Rossi to challenge election

BELLEVUE, Wash. – Republican Dino Rossi and the state GOP announced Friday they will contest the gubernatorial election that gave his Democratic foe, Christine Gregoire, a 129-vote victory.
Democrats said the challenge is unfounded.
Republicans have been building a case, gathering evidence of voting irregularities, including what they allege were illegal provisional ballots and a handful of votes cast by dead people.
They are pushing for a revote, an unprecedented step in a statewide election.
“There are so many improperly cast and counted ballots that this election is invalid,” said Rossi, a real estate agent and former state senator. “You cannot tell who won. The only way for us to get out of this problem is for us to have a revote.”
Democrats said the state constitution won’t allow a revote.
“No court will find this election should be set aside,” said Democratic Party attorney Jenny A. Durkan. Even if illegal votes were cast, she said, “it would not change the outcome of the election.”
Gregoire, the state’s three-term attorney general, lost the first count by 261 votes and the second count by 42 votes, then won a hand recount of 2.9 million ballots.
On Friday she acknowledged Rossi’s right to contest the election, but flatly rejected his contention that enough errors have been shown to warrant a redo.
“I don’t take any of this personally,” she said at a news conference in Olympia. “I respect the right of others to file an action in the courts. That is their right.”
Republicans are not arguing any fraud or misconduct took place, only that too many mistakes were made for anyone to be certain who actually won.
“The number of votes cast questionably, illegally or mistakenly is vastly in excess of the 129-vote margin by which this election has been certified,” former U.S. Sen. Slade Gorton said at a news conference Rossi held at his campaign headquarters in this Seattle suburb.
Republicans highlighted a host of problems, including thousands more ballots than people credited with voting in several counties’ records – more than 1,200 in heavily Democratic King County alone.
King County Elections Director Dean Logan and other county officials have said it’s common for vote totals not to match up with their lists of voters who cast ballots – that the crucial quality-control work is done at the front end, not after the election.
Another problem in King County: Nearly 350 provisional ballots were fed directly into vote-counting machines before election staffers could verify whether they were valid, Logan said.
Republicans said they also found cases of votes cast by felons whose civil rights had not been restored and dead people credited with voting.
The Seattle Times and the Seattle Post-Intelligencer reported Friday that some people who died before absentee ballots were mailed had been credited with voting in the November election.
The Times found 24 examples of deceased voters in six of the state’s largest counties.
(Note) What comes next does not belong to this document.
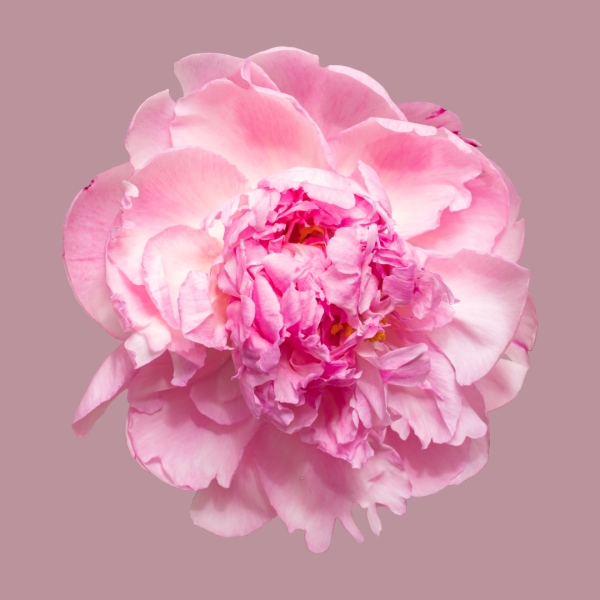 Peony - Linen & Room Spray For Sale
The P-I found eight such examples in King County alone.
Logan said his office has reported to the county prosecutor the names of three people who told reporters they cast an absentee ballot for their dead spouse.
GOP attorney Harry Korrell said Republicans were filing suit immediately in Chelan County Superior Court, and that they have no plans to try to block Gregoire’s scheduled inauguration next Wednesday.
Republicans said they chose Chelan County because they didn’t want to sue in any county where they were alleging serious problems had occurred. Democrats said picking a county where voters backed Rossi amounted to “judge shopping.”
Durkan said the Democrats will intervene once they review the Republicans’ pleadings “to seek to defend the rights of the voters who elected Christine Gregoire.
“I ultimately think the case will get thrown out,” Durkan said.
State Democratic Party Chairman Paul Berendt questioned the Republicans’ contention that they don’t need to prove fraud or misconduct – only that so many mistakes were made that no one could ever know who won.
“There’s no smoking gun that points to the one issue that could get the election overturned,” Berendt said. “They admitted for the first time in six weeks that there is no fraud. I think they’re in big trouble.”
Washington isn’t the only state where election drama is unfolding. In North Carolina, a judge ordered a new statewide election for agriculture commissioner because of a voting machine error that wiped out 4,438 ballots in one county.
Any election challenge will certainly end up before the state Supreme Court, where two citizens have already filed challenges of their own.
Supreme Court Clerk C.J. Merritt said the court will wait until the filing period closes before deciding what to do with election challenges. The deadline is 10 days after the Legislature issues a certificate of election, which is expected to happen Tuesday.